The wife of missing Laotian activist Sombath Somphone says his abductors still enjoy impunity two years after his disappearance - an ugly reality across a region where powerful business interests and murky state actors stand accused of routinely "disappea
Sombath disappeared from the streets of the capital of Laos, Vientiane, after he was pulled over at a police checkpoint.
The disappearances continue in the region: from a Cambodian teenager last seen covered in blood during a labour protest, to an ethnic minority activist who vanished in Thailand after confronting national park officials.
The case of Sombath – an award-winning champion of sustainable development but one who avoided direct confrontation – horrified civil society in Laos, a one-party communist state slowly emerging from decades of isolation.
His disappearance on December 15, 2012 stood out partly because the evidence pointing to abduction was so compelling – and also because a stream of international figures called for his safe return including Hillary Clinton, John Kerry and Desmond Tutu.
“The crime of disappearance is particularly cruel,” Sombath’s wife Ng Shui-Meng, a soft-spoken Singaporean who lived in Laos with him, told AFP in Bangkok. “It's very difficult to live with the unknown.”
There are no hard numbers. But dozens – and likely hundreds – of people have vanished across Southeast Asia in the past two decades, often after coming up against local business, criminal or political interests.
In Thailand, there are at least 81 open cases of enforced disappearance dating back as far the mid-1990s, according to Angkhana Neelapaijit from the Asian Federation Against Involuntary Disappearances.
Few cases make headlines
Others have been killed, apparently silenced in retribution for their work to raise community grievances including two activists shot dead last week in Thailand.
In the Philippines, relatives of 58 people killed five years ago in the country’s worst political massacre are still waiting for justice. No one has been convicted and witnesses have been murdered.
Angkhana’s husband Somchai, a human rights lawyer, was last seen being taken into custody by police in Bangkok in March 2004. His fate remains unknown.

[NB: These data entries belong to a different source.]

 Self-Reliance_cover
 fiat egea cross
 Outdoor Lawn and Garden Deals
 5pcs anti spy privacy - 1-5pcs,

“There are many others in the Asia region who have disappeared but their mishaps were never mentioned or received any attention,” she said this week at a news conference in Bangkok.
One case that has largely flown under the international radar is that of Por Cha Lee Rakcharoen, a Karen rights activist also known as Billy, who was apprehended by national park officials in Thailand on April 17, ostensibly for illegal honey gathering.
He was en route to meet fellow ethnic minority Karen villagers to help them file a lawsuit accusing authorities of torching the homes of 20 families in Kaeng Krachan National Park in 2011.
The local park chief says he was the last person to see Billy alive, but a police probe has yet to declare a suspect.
In Cambodia, 16-year-old Khem Sophath has been missing since January 2014, when security forces opened fire on striking garment workers near an industrial park in southwest Phnom Penh, killing four.
Rights groups say Khem, a factory worker, was last seen by friends lying on the ground, conscious, but with blood streaming from what they believed to be a gunshot wound to his chest.
“Wholly inadequate” investigation
Diplomats and rights groups in Laos told AFP that the last time the authorities gave an update on their investigation into Sombath’s disappearance was June 2013.
CCTV cameras in Vientiane captured the moment his battered jeep stopped at the police checkpoint.
But Sam Zarifi, from the International Commission of Jurists, describes the investigation from the Laotian authorities as “wholly inadequate”.
The official apathy has had a chilling effect on activist groups and civil society, rights groups say. Many now steer clear of controversial subjects such as land seizures and environmental damage caused by companies, local officials or powerful individuals.
Phil Robertson from Human Rights Watch said the “silence” from the Laotian government was a tactic “favoured by an increasing number of governments in the region”. They are using disappearances “to instil fear in communities wanting to raise grievances against the authorities,” he said.